Migration Guide
###############

Any breaking API changes that will need to be accounted for/will likely require
updates to your experiment code will be documented here with explanations of
how to do so.


0.14.0 - 0.15.0
===============

The naming scheme for "args"/parameters has been cleaned up and "args" is no longer a
concept in curifactory. The ``args`` module has been renamed to ``params``, and the
base parameter class ``ExperimentArgs`` has been renamed to ``ExperimentParameters``.

The following changes will need to be made in any previous experiments:

Change any ``Record.args`` references to ``Record.params``
----------------------------------------------------------

This will likely effect every stage that uses parameters, e.g.

.. code-block:: python

    @stage(...)
    def train_model(record: cf.Record):
        model = LogisticRegression(random_state=record.args.seed_args)

Should now become:

.. code-block:: python

    @stage(...)
    def train_model(record: cf.Record):
        model = LogisticRegression(random_state=record.params.seed_args)

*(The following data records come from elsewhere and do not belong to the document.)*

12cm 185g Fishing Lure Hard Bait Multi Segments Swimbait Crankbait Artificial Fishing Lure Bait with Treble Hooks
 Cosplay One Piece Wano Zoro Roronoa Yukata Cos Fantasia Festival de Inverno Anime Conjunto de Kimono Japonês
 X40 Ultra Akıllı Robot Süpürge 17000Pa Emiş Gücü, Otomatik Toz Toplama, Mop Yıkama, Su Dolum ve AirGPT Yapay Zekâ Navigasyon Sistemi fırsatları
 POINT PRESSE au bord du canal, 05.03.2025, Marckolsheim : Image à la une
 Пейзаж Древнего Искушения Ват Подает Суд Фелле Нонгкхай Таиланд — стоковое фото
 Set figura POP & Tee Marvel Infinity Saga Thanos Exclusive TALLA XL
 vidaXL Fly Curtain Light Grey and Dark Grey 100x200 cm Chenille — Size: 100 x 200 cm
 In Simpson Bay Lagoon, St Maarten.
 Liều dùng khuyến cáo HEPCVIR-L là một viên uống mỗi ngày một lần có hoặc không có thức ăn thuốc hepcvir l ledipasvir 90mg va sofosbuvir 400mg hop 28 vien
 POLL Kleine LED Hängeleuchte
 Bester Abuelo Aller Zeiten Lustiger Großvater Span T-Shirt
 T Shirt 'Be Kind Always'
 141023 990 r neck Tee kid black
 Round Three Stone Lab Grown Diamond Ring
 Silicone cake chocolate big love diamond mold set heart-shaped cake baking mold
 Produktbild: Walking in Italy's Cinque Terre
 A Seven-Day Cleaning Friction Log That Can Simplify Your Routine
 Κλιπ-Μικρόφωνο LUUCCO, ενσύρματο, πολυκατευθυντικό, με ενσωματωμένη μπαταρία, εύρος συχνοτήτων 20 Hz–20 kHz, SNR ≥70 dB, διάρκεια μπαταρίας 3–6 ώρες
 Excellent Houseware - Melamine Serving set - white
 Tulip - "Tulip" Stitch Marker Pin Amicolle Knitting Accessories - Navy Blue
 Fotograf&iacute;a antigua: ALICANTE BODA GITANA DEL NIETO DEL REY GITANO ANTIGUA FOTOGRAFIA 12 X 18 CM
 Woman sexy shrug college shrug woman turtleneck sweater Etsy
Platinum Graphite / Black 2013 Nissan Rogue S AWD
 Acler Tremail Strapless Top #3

Classes subclassing ``curifactory.args.ExperimentArgs`` should subclass ``curifactory.params.ExperimentParameters``
-------------------------------------------------------------------------------------------------------------------

The ``args`` module has been renamed to ``params``, so any imports that explicitly
reference ``curifactory.args`` will need to be changed to ``curifactory.params``.
Similarly, the base parameter class that you extend for custom parameters will
need to be changed from ``ExperimentArgs`` to ``ExperimentParameters``:

.. code-block:: python

    from curifactory import ExperimentParameters

    @dataclass
    class MyParams(ExperimentParameters):
        ...

Both of the above changes are currently optional, ``Record.args`` and
``curifactory.args.ExperimentArgs`` exist with deprecation warnings. These will likely be
fully removed in version 0.16.0.


0.13.0 - 0.14.0
===============

Aggregate stages should now specify ``inputs`` in the decorator
---------------------------------------------------------------

Along with the addition of DAG-based stage execution, ``@aggregate`` stages now
have an ``inputs`` attribute in the decorator, which similarly to the ``@stage``
decorator should include the string names of all artifacts in all aggregated
records that will be needed in the aggregate stage code.

Specifying ``inputs`` is required for the DAG to map the experiment correctly,
not doing so will likely cause any stages before the aggregate (that it would
otherwise rely on) to never execute.

Similar to ``@stage``, any listed input strings need a corresponding argument
of the same name in the function definition. Each of these arguments will be
populated with a dictionary where each key is a record, and the value is the
corresponding artifact of that name from that record's state. This allows
simplifying aggregate stage code, as you no longer need to directly access
the state from each record.

An example to demonstrate required/suggested changes follows, assume that
this stage is trying to take all of the results from previous records and
put them into a single dictionary, where the keys are the names of the parameter
sets that generated the associated result metric:

A previous aggregate stage would have been:

.. code-block:: python

    @aggregate(outputs=["final_results"])
    def combine_results(record: Record, records: list[Record]):
        final_results = {}
        for r in records:
            if "results" in r.state:
                final_results[r.args.name] = r.state["results"]
        return final_results


This code could now be changed to:

.. code-block:: python

    @aggregate(inputs=["results"], outputs=["final_results"])
    def combine_results(record: Record, records: list[Record], results: dict[Record, float]):
        final_results = {}
        for r, result in results.items():
            final_results[r.args.name] = result
        return final_results

Note that the *minimum amount of changes to still function* would simply involve
adding the ``inputs`` and the corresponding function definition argument, the inner
stage code itself doesn't need to change.

.. code-block:: python

    @aggregate(inputs=["results"], outputs=["final_results"])
    def combine_results(record: Record, records: list[Record], results: dict[Record, float]):
        final_results = {}
        for r in records:
            if "results" in r.state:
                final_results[r.args.name] = r.state["results"]
        return final_results


Any specified ``inputs`` that don't appear in one or more of the passed records'
states will print a warning **but will not error.** The associated argument's
dictionary will simply not contain that record.


.. note::

    To temporarily retain previous ``v0.13.x`` behavior for aggregate stages that you
    do not yet specify ``inputs`` for, you can run the experiment with the ``--no-dag``
    CLI flag.